FATİH KARAGÖZ - ANKARA
Demokrat Parti Genel Başkanı Gültekin Uysal, FOX TV’de yayınlanan Çalar Saat programına katıldı. Uysal, Türkiye’deki bütün sorunların ekmeğimiz aşımız dediğimiz demokrasinin ve hukuk sisteminin işlememesinden kaynaklandığı bunun bütün millete bir maliyet ürettiğini söyledi. Uysal, “Bütün soranların temeli işlemeyen çarpık düzenin yansımalarıdır” diye konuştu. Türkiye’de en korunaksız olan kesimin esnaflar olduğunu dile getiren Uysal, “19 yılda sadece 9 tane af çıkartıldı. Sıkıştıklarında seçim öncesi birtakım yapılandırmalar, aflar çıkartıldı. Bunlar adeta narkoz verircesine 3-6 aylık sorunları öteleyerek bugünlere geldik. Oysa küçük esnaf dediğimiz kesimlerle ilgili birtakım düzenlemeler yapılmalıydı. Bu dönemde en fazla kaybeden esnafımız ve güvencesiz insanlarımız yoksulluğu yaşadı” dedi.
Bunların hesabı sorulur
MHP lideri Devlet Bahçeli’nin, İçişleri Bakanı Süleyman Soylu’ya desteğini değerlendiren Uysal, “Süleyman Soylu yalnız ki Bahçeli bu açıklamayı yapmaya ihtiyaç duydu. Sedat Peker’in bütün bu iddiaların merkezine Sayın Soylu’yu koyarak aslında Türkiye’deki çökmüş bir devlet ve hükümet sistematiğini, işleyişini, ifşasını perdeliyoruz.

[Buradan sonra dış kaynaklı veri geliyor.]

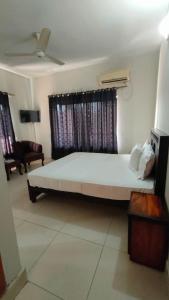 Postel nebo postele na pokoji v ubytování Sunrise Guest House F-6 + 9 fotografií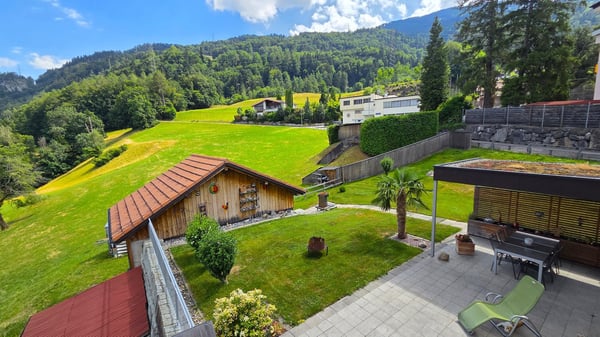 Neuwertiges, freistehendes Einfamilienhaus an unverbaubarer Aussichtslage mit grossem Schopf 20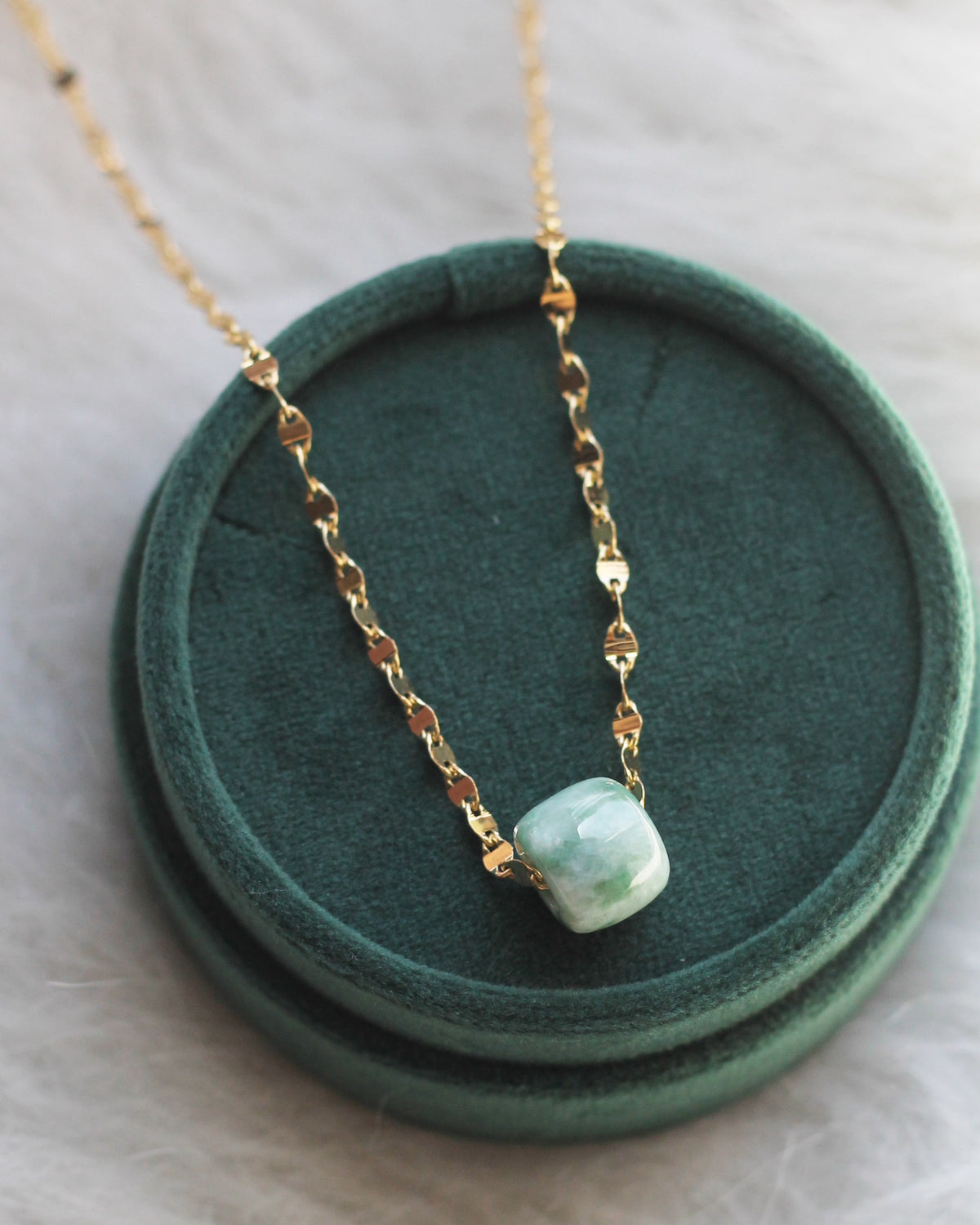 N1360 - Jade Pendant - 18"
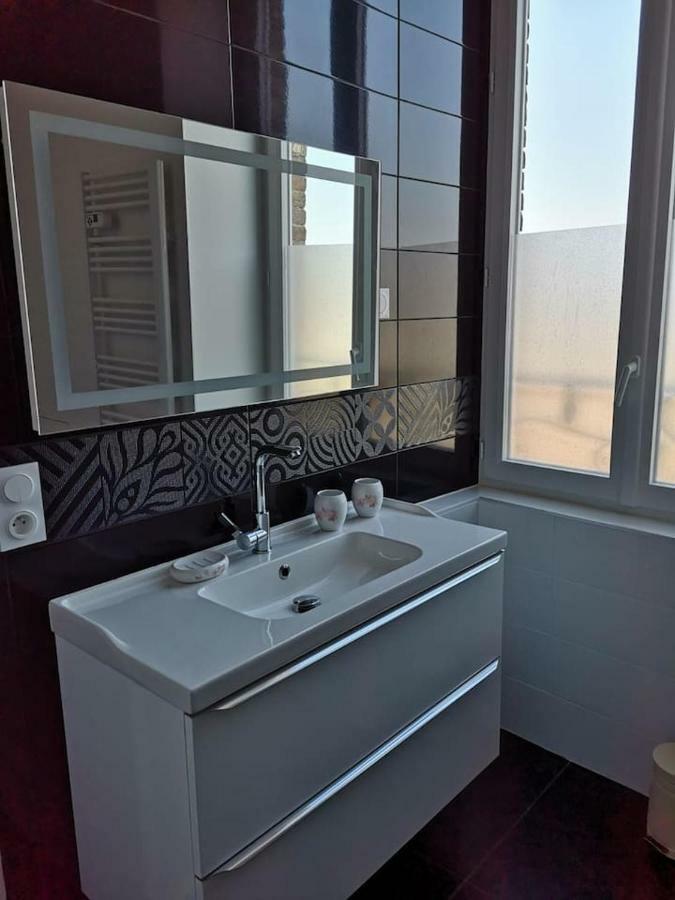 Appartement Spacieux Et Confortable La Roche-de-Glun Екстериор снимка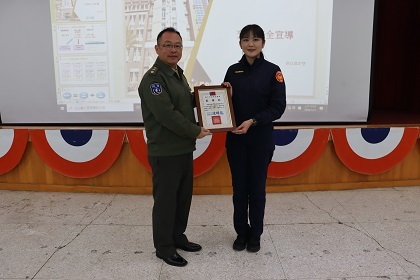 臺中市後備指揮部辦理115年春節前擴大行車安全教育，指揮官陳上校頒發感謝狀給臺中市政府警察局第六分局邱巡佐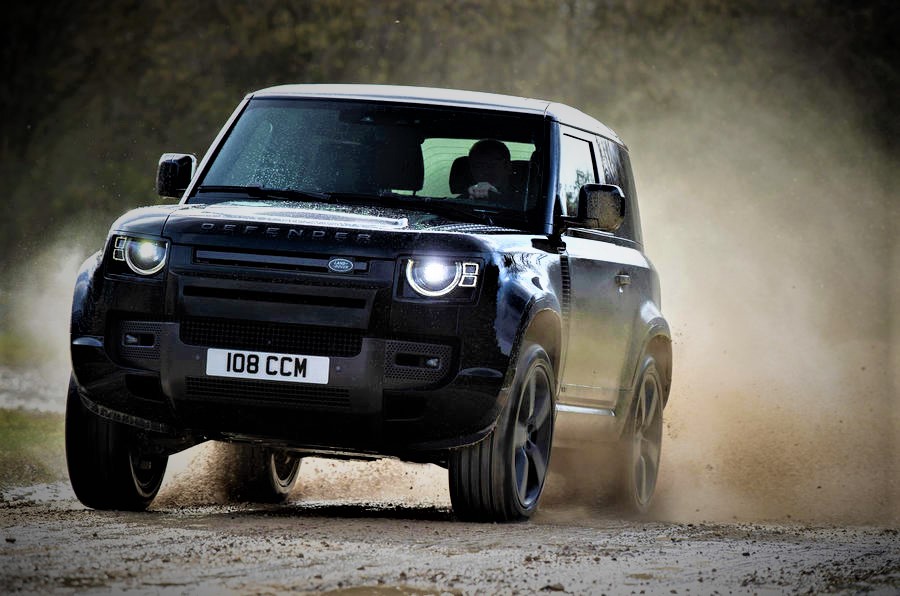 Land Rover Defender Drag Race: V8 against EV and LS Swap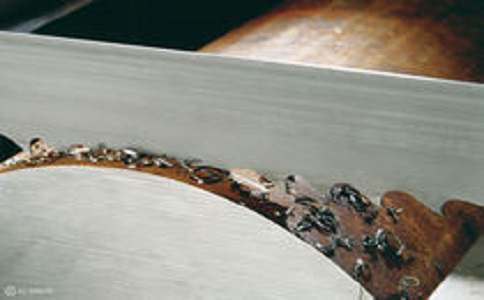 通辽带锯床线速度设定过高，为什么会导致带锯条齿尖发热加速锯条的磨损？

Bu tartışmayı ayırt etmek lâzım. Elbette biz netice itibariyle hukuk, diyoruz. Buradan da bir çağrı yapmak isterim. Mehmet Âkif Ersoy’un dediği gibi ‘Korkma’ diyor. Bu ülkenin savcıları var, Mecliste milletvekilleri var. Bugün lider korkusunun Allah korkusunun önüne geçtiği bir Türkiye siyaseti var. İktidarın içerisinde bir yapılanma var. Korkacaklarsa bugünlerden değil, yarınlardan korksunlar. Eninde sonunda bu işlerin kapağı açılır, kayda girmiş işlerdir. Bunların hesabı sorulur” karşılığını verdi.
Hukuk sadece garibe uygulanıyor
Cumhurbaşkanı’nın tasarruf tedbirleri genelgesi ile ilgili genelgesinin hatırlatılması üzerine Uysal, “Ben zaman zaman söylüyorum adınızın ak olması yetmez alnınızın ak olması lâzım. Türkiye’de ihalelerin bu ülkede nasıl verildiğini Ankara sokaklarında sade vatandaşımıza sorsak o bile bilir. Bütün bu işler siyaset eliyle yapılıyor. Sadece bildiğiniz üretme mekanizması rant, rantiye. Bu nedenle ısrar ediyorsunuz Kanal İstanbul meselesini. Bir yandan yerli ve millî diyeceksiniz, Türk lirasını özendirelim diyeceksiniz dövizle anlaşma yapacaksınız, tahkim olarak başka başkentlerdeki mahkemeleri göstereceksiniz, bir yandan da tasarruf diyeceksiniz, porsiyonları küçültelim diyeceksiniz. Bugün AKP ile yolsuzluk o kadar özdeş hale gelmiş ki… 10 bin dolar alan siyasetçiyi bakan söylüyor, bunun hesabını soramıyoruz, öbür tarafta hukuku, garibana, gurebaya uyguluyoruz.”